An equity release loan allows people over the age of 55 to receive some of the equity built up in their property while still living in the property. This money can help people who are no longer earning a regular income and are not able to meet their daily expenses or have outstanding debts to pay.
With an equity release loan, you can extract money from the equity of your home either in a lump sum or through a series of instalments. You won’t have to move house to do this, and you can spend the money however you see fit as there are no stipulations regarding how the money should be used. The equity release loan is an umbrella term to describe the two main forms of loans – Home Reversion Plans and Lifetime Mortgages.
Home Reversion Scheme:
A Home Reversion Scheme differs from a Lifetime Mortgage in that you actually sell a percentage of your property to the reversion company.
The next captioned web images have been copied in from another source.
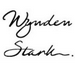WyndenStark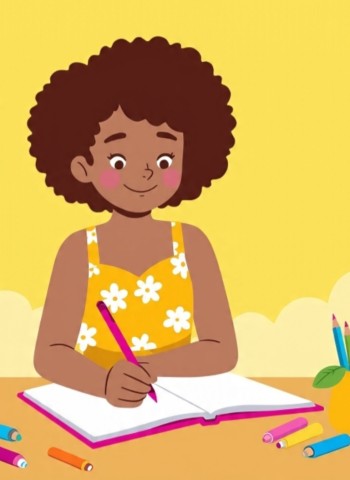 வாசகர் கடிதம் (நடேஷ் கன்னா) 25.12.25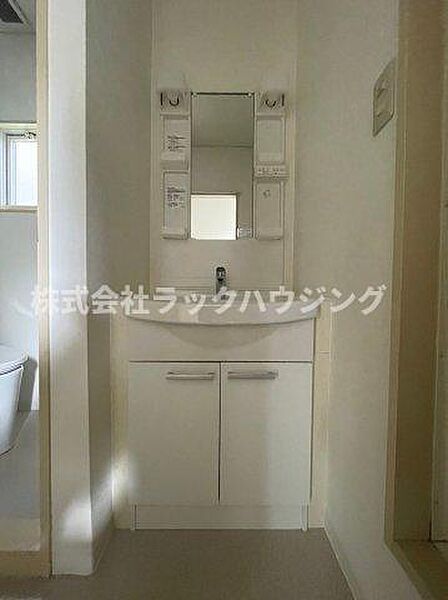 画像19:【お部屋さがしはラックハウジングにお問合せ下さいませ♪】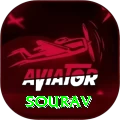 sourav Gold v3.6.3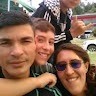 Diego Antonio Lopez Ardila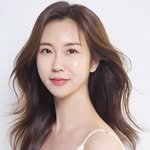 commaline_bora 프로필 사진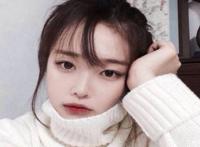 女朋友突然不理我了是什么原因 女朋友突然变得很冷淡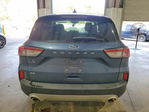 Ford Escape 2020
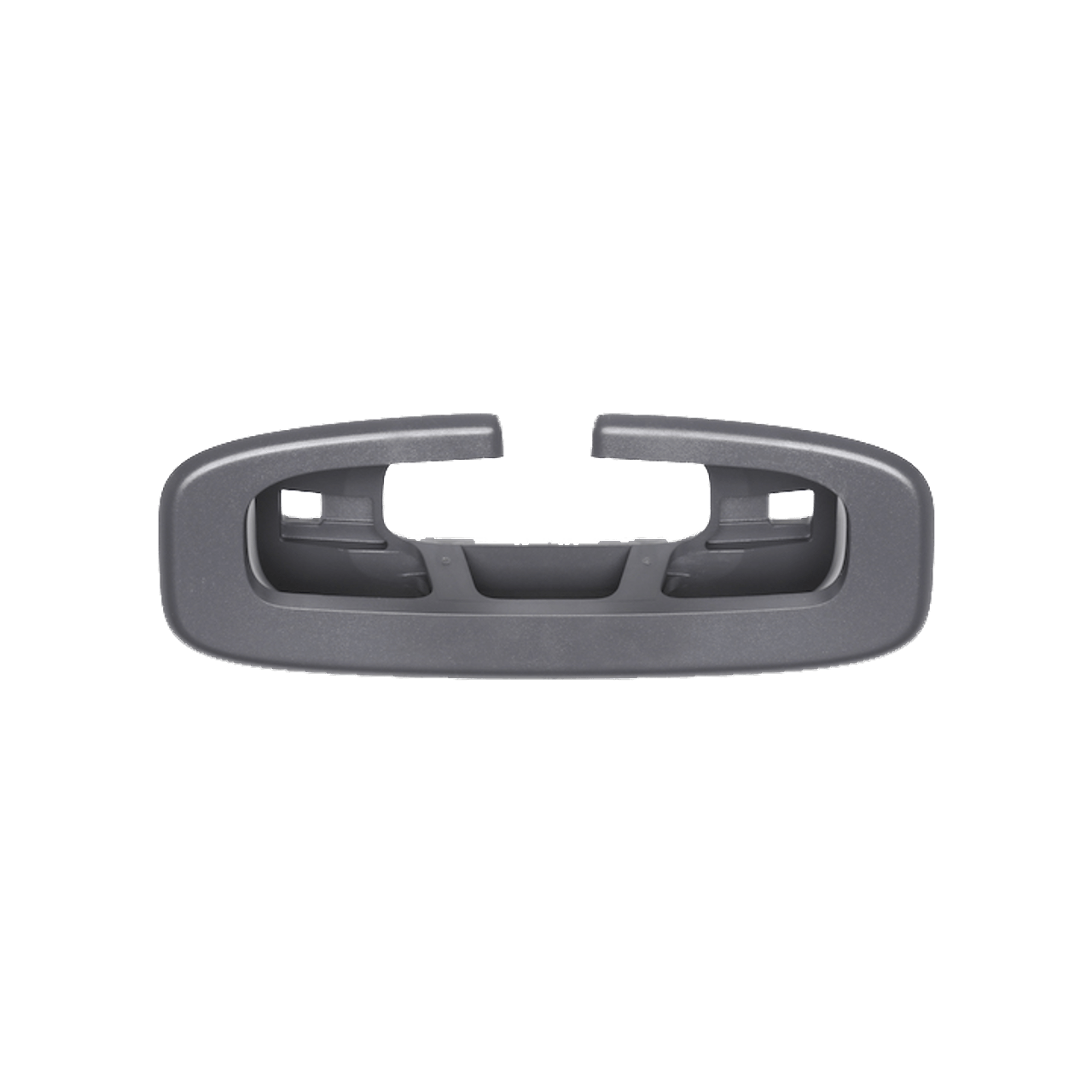 Inspire 2 送信機サポートリグ購入 - DJI Store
There is no interest charged on the loan, but when you die and sell the house the reversion company will take the profit of the portion it owns.
Lifetime Mortgages:
When you take out an equity release loan in the form of a Lifetime Mortgage scheme, you are able to borrow money secured against the value of your property. You are able to live in this property until you die or go into care and sell your home. This money can be paid out as a regular income, lump sum, or a combination of the two. There is interest on the loan, but this is added to the value of the loan, meaning that the original loan amount will not increase. The interests and loan will be rapid when you die and sell your property. One downside is that you don’t know how large your loan will become as you cannot predict when you will die.
This may sound like an ideal solution, but there are disadvantages to taking out an equity release loan and it is in your interest to find out whether using an equity release loan is the right action for your unique circumstances.